╭─ Given information

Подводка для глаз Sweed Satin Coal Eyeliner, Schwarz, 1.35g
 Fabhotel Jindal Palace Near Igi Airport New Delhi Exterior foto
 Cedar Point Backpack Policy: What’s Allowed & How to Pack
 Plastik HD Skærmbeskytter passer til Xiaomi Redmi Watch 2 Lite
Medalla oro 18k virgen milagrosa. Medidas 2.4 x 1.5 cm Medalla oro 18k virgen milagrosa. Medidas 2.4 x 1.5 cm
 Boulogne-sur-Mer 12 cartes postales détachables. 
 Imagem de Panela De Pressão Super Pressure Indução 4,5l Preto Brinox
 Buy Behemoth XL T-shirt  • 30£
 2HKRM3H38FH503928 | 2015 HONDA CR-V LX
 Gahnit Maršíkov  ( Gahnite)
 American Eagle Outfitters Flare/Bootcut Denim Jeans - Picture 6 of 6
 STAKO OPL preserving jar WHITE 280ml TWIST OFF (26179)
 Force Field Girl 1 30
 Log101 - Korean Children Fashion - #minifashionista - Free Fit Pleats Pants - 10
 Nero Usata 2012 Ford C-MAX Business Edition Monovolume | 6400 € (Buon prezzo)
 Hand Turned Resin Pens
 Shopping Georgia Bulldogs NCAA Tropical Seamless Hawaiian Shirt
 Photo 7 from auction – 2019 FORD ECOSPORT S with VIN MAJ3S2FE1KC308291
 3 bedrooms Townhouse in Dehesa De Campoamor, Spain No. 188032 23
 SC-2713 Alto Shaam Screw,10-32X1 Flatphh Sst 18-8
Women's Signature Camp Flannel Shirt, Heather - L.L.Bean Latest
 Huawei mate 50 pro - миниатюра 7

╰─

Problem to solve:
Restate every line of the data word for word.

Answer box:
Подводка для глаз Sweed Satin Coal Eyeliner, Schwarz, 1.35g
 Fabhotel Jindal Palace Near Igi Airport New Delhi Exterior foto
 Cedar Point Backpack Policy: What’s Allowed & How to Pack
 Plastik HD Skærmbeskytter passer til Xiaomi Redmi Watch 2 Lite
Medalla oro 18k virgen milagrosa. Medidas 2.4 x 1.5 cm Medalla oro 18k virgen milagrosa. Medidas 2.4 x 1.5 cm
 Boulogne-sur-Mer 12 cartes postales détachables. 
 Imagem de Panela De Pressão Super Pressure Indução 4,5l Preto Brinox
 Buy Behemoth XL T-shirt  • 30£
 2HKRM3H38FH503928 | 2015 HONDA CR-V LX
 Gahnit Maršíkov  ( Gahnite)
 American Eagle Outfitters Flare/Bootcut Denim Jeans - Picture 6 of 6
 STAKO OPL preserving jar WHITE 280ml TWIST OFF (26179)
 Force Field Girl 1 30
 Log101 - Korean Children Fashion - #minifashionista - Free Fit Pleats Pants - 10
 Nero Usata 2012 Ford C-MAX Business Edition Monovolume | 6400 € (Buon prezzo)
 Hand Turned Resin Pens
 Shopping Georgia Bulldogs NCAA Tropical Seamless Hawaiian Shirt
 Photo 7 from auction – 2019 FORD ECOSPORT S with VIN MAJ3S2FE1KC308291
 3 bedrooms Townhouse in Dehesa De Campoamor, Spain No. 188032 23
 SC-2713 Alto Shaam Screw,10-32X1 Flatphh Sst 18-8
Women's Signature Camp Flannel Shirt, Heather - L.L.Bean Latest
 Huawei mate 50 pro - миниатюра 7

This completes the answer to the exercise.